▸ **WHAT IS BEING ASKED**
Reproduce every entry below precisely; do not include the pictures.

Brief descriptive captions
§
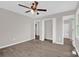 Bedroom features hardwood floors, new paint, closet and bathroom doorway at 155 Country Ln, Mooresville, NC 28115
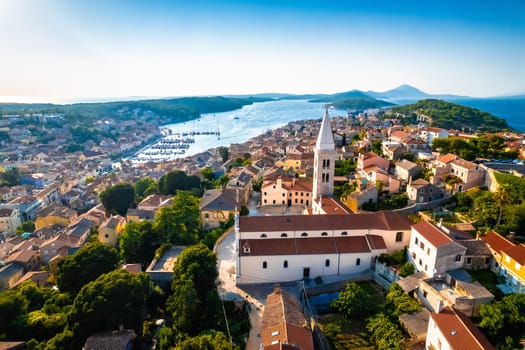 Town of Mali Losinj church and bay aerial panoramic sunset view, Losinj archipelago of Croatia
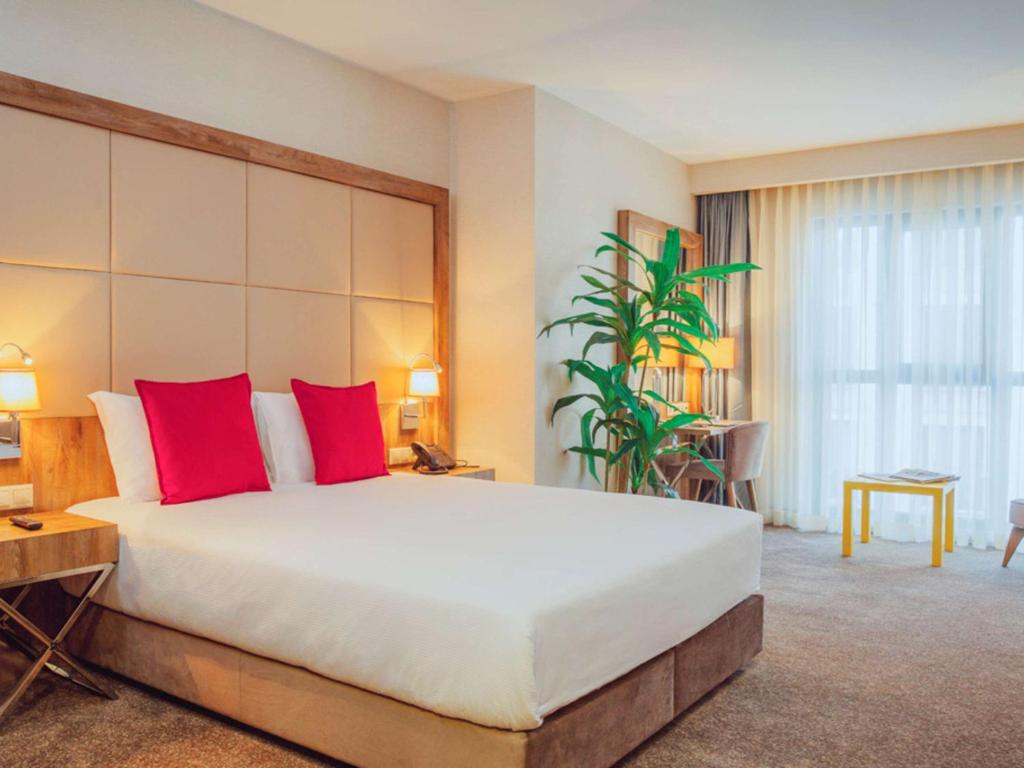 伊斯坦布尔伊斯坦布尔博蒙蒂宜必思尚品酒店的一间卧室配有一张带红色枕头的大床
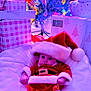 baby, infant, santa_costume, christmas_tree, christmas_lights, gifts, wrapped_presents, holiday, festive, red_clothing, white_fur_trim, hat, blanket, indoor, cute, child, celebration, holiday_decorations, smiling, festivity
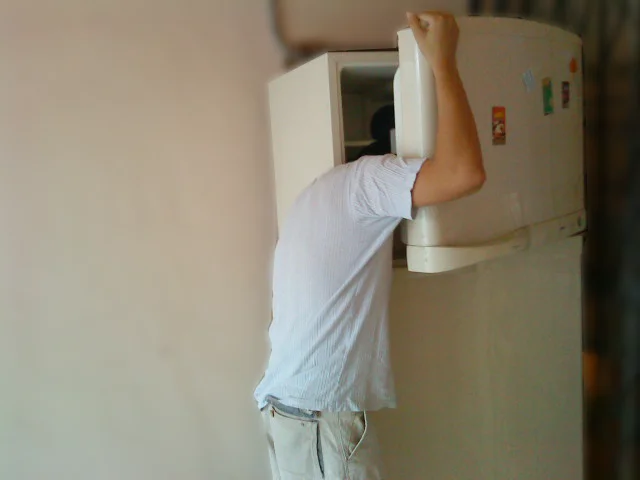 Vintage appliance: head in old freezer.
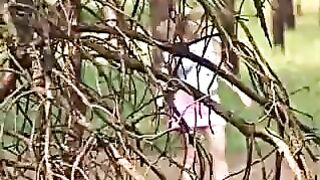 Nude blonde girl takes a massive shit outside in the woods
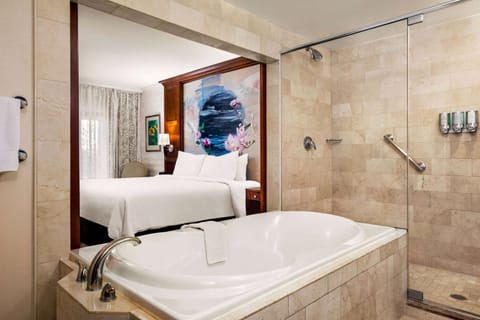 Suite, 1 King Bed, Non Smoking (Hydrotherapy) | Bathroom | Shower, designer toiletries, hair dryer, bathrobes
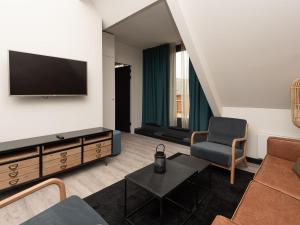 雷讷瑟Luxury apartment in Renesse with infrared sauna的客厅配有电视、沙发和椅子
§
▸ **SOLUTION TO THE PROBLEM**
 Bedroom features hardwood floors, new paint, closet and bathroom doorway at 155 Country Ln, Mooresville, NC 28115
 Town of Mali Losinj church and bay aerial panoramic sunset view, Losinj archipelago of Croatia
 伊斯坦布尔伊斯坦布尔博蒙蒂宜必思尚品酒店的一间卧室配有一张带红色枕头的大床
 baby, infant, santa_costume, christmas_tree, christmas_lights, gifts, wrapped_presents, holiday, festive, red_clothing, white_fur_trim, hat, blanket, indoor, cute, child, celebration, holiday_decorations, smiling, festivity
 Vintage appliance: head in old freezer.
 Nude blonde girl takes a massive shit outside in the woods
 Suite, 1 King Bed, Non Smoking (Hydrotherapy) | Bathroom | Shower, designer toiletries, hair dryer, bathrobes
 雷讷瑟Luxury apartment in Renesse with infrared sauna的客厅配有电视、沙发和椅子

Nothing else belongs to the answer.